Im Jahr 2022 erreichte der globale Padel-Markt bereits ein Volumen von geschätzt zwei Milliarden Euro. Die Infrastruktur machte mit 1,2 Milliarden Euro für Betreiber und 200 Millionen Euro für Hersteller von Anlagen einen Großteil aus. Der Global Padel Report stellt in Aussicht, dass sich der Wert des Marktes für den Betrieb der Padel-Clubs bis 2026 vervierfacht. Gründe dafür sind neben dem Neubau von Courts auch steigende Preise für die Nutzung.
Weitere 550 Millionen entfielen auf Equipment wie Schläger, Bekleidung und Bälle. Nimmt die Anzahl an Padel-Begeisterten zu, können sich Retailer entsprechend auf eine steigende Nachfrage an Sportartikeln einstellen.
Der dritte Bereich des Padel-Marktes ist das professionelle Segment. 2022 erreichte es 50 Millionen Euro, unterteilt in Tickets (15) sowie TV und andere Medien (35). Auch hier ist die Entwicklung längst nicht abgeschlossen. Im Gegenteil: Ein weiterer Meilenstein steht kurz bevor.
Zuletzt gab Qatar Sports Investment, unter anderem Eigentümer des französischen Fußball-Giganten Paris Saint-Germain, die Übernahme der World Padel Tour vom spanischen Bierhersteller Damm bekannt. QSI möchte die Turnierserie mit der eigenen Premier Padel Tour zusammenführen und dadurch ein noch attraktiveres Produkt schaffen.
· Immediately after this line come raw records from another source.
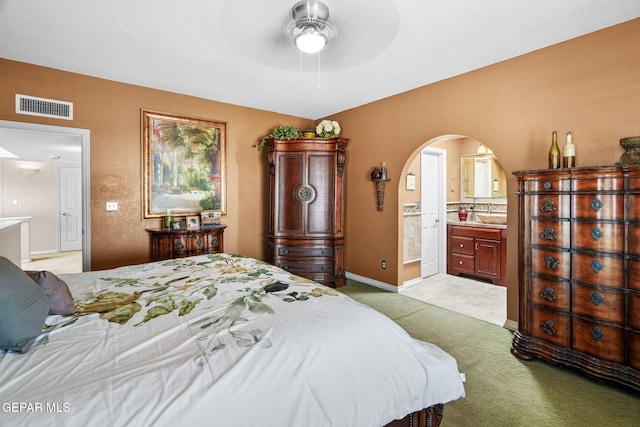 18986 Armington Dr, Horizon City, TX 79928 - bedroom with arched walkways, ensuite bath, light carpet, and a ceiling fan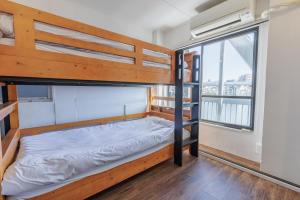 Postel nebo postele na pokoji v ubytování Hostel Chapter Two Tokyo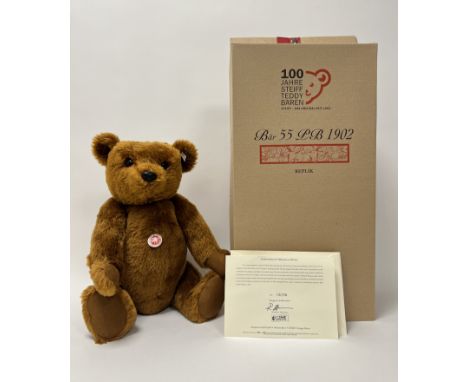 A Steiff 55 PB 1902 replica teddy bear, rust mohair with moulded sealing wax nose, chest tag and certificate with box (h. sta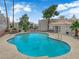 Community pool area with sun loungers, lush landscaping, and inviting blue water at 6800 E Lake Mead Blvd # 2089, Las Vegas, NV 89156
„Ich wünsche ihnen nur das Beste und bin sicher, dass sie Erfolg haben werden“, sagt Enrique Marques. Wie genau sich der professionelle Padel-Sport entwickeln wird, kann aber auch der CEO der World Padel Tour nicht vorhersagen. „Das Wachstum ist nicht in allen Ländern gleich. In einigen ist Padel riesig, in anderen noch ganz am Anfang.“ Man müsse einen Markt jedoch immer mit einer angemessenen Geschwindigkeit beitreten. „Es bringt nichts, Dinge zu überstürzen. Zuerst müssen die Leute Padel spielen. Dann werden sie sich für eine professionelle Liga interessieren.“
Deutschland sieht Marques auf einem guten Weg, nicht zuletzt wegen der German Padel Open. „Die Spielerinnen und Spieler sind nicht nur zufrieden, sie sind begeistert. Sie sehen diesen besonders gestalteten Center Court und das professionelle Setup und wissen auch, dass Padel in Deutschland noch im Kommen ist. Ich bin fest davon überzeugt, dass Padel nach diesem ersten WPT-Turnier auch in Deutschland durch die Decke gehen wird.“ Vielleicht werden Paula Josemaría, Arturo Coello & Co. schon beim nächsten Event nicht mehr umhinkommen, zwischen Parkplatz und Halleneingang zahlreiche Autogrammwünsche zu beantworten.